THE INPUT.
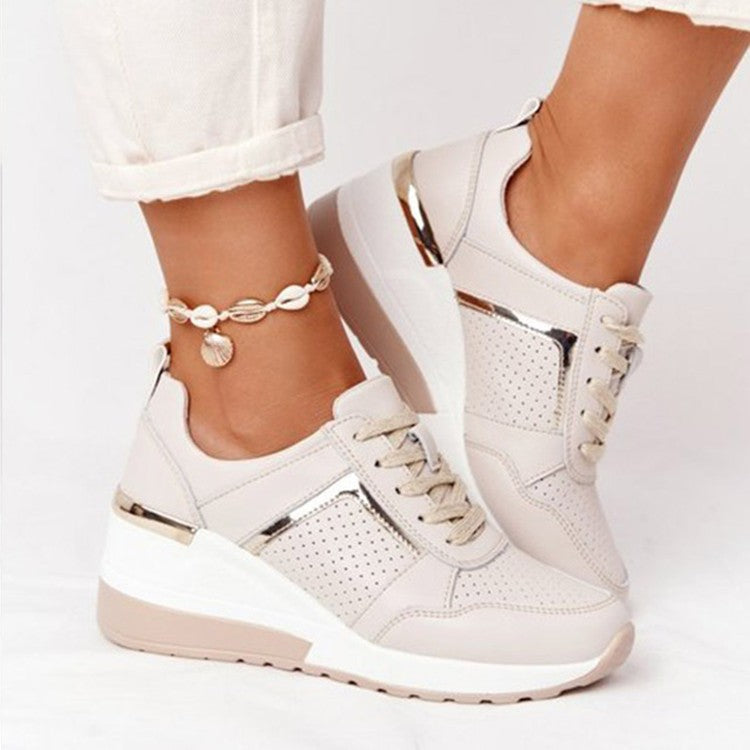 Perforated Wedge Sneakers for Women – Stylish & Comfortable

* * *

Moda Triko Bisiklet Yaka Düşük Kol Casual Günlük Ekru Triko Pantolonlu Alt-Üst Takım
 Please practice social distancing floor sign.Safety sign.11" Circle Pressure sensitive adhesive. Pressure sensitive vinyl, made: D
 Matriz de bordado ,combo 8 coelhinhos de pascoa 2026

EXERCISE PROMPT. Please give an exact copy of the entries above, from the line with "Moda Triko Bisiklet" down to the line with "Matriz de bordado", inclusive, and nothing else.

THE COMPLETED TASK.
Moda Triko Bisiklet Yaka Düşük Kol Casual Günlük Ekru Triko Pantolonlu Alt-Üst Takım
 Please practice social distancing floor sign.Safety sign.11" Circle Pressure sensitive adhesive. Pressure sensitive vinyl, made: D
 Matriz de bordado ,combo 8 coelhinhos de pascoa 2026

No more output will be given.